[Web page caption snippets]
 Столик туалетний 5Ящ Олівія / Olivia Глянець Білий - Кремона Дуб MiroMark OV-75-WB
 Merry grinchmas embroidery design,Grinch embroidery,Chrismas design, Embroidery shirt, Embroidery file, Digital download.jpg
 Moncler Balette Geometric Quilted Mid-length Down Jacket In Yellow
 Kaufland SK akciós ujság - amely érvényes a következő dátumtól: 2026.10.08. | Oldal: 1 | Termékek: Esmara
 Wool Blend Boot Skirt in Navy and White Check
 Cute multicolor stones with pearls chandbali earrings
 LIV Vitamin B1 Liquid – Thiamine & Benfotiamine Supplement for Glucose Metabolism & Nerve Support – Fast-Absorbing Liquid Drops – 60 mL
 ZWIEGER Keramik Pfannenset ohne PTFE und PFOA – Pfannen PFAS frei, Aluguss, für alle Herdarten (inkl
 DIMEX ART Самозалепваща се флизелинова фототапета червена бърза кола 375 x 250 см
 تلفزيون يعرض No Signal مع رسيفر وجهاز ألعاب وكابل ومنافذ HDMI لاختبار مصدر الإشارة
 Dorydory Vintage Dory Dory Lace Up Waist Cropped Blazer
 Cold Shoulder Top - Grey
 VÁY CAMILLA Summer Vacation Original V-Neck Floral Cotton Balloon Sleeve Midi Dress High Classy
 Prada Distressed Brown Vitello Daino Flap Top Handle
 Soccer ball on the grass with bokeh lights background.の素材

EXERCISE DIRECTIONS
All lines above from the one holding "Cute multicolor stones" to the one holding "Prada Distressed Brown", inclusive, are to be copied exactly; no other line is wanted.

THE COMPLETED TASK
 Cute multicolor stones with pearls chandbali earrings
 LIV Vitamin B1 Liquid – Thiamine & Benfotiamine Supplement for Glucose Metabolism & Nerve Support – Fast-Absorbing Liquid Drops – 60 mL
 ZWIEGER Keramik Pfannenset ohne PTFE und PFOA – Pfannen PFAS frei, Aluguss, für alle Herdarten (inkl
 DIMEX ART Самозалепваща се флизелинова фототапета червена бърза кола 375 x 250 см
 تلفزيون يعرض No Signal مع رسيفر وجهاز ألعاب وكابل ومنافذ HDMI لاختبار مصدر الإشارة
 Dorydory Vintage Dory Dory Lace Up Waist Cropped Blazer
 Cold Shoulder Top - Grey
 VÁY CAMILLA Summer Vacation Original V-Neck Floral Cotton Balloon Sleeve Midi Dress High Classy
 Prada Distressed Brown Vitello Daino Flap Top Handle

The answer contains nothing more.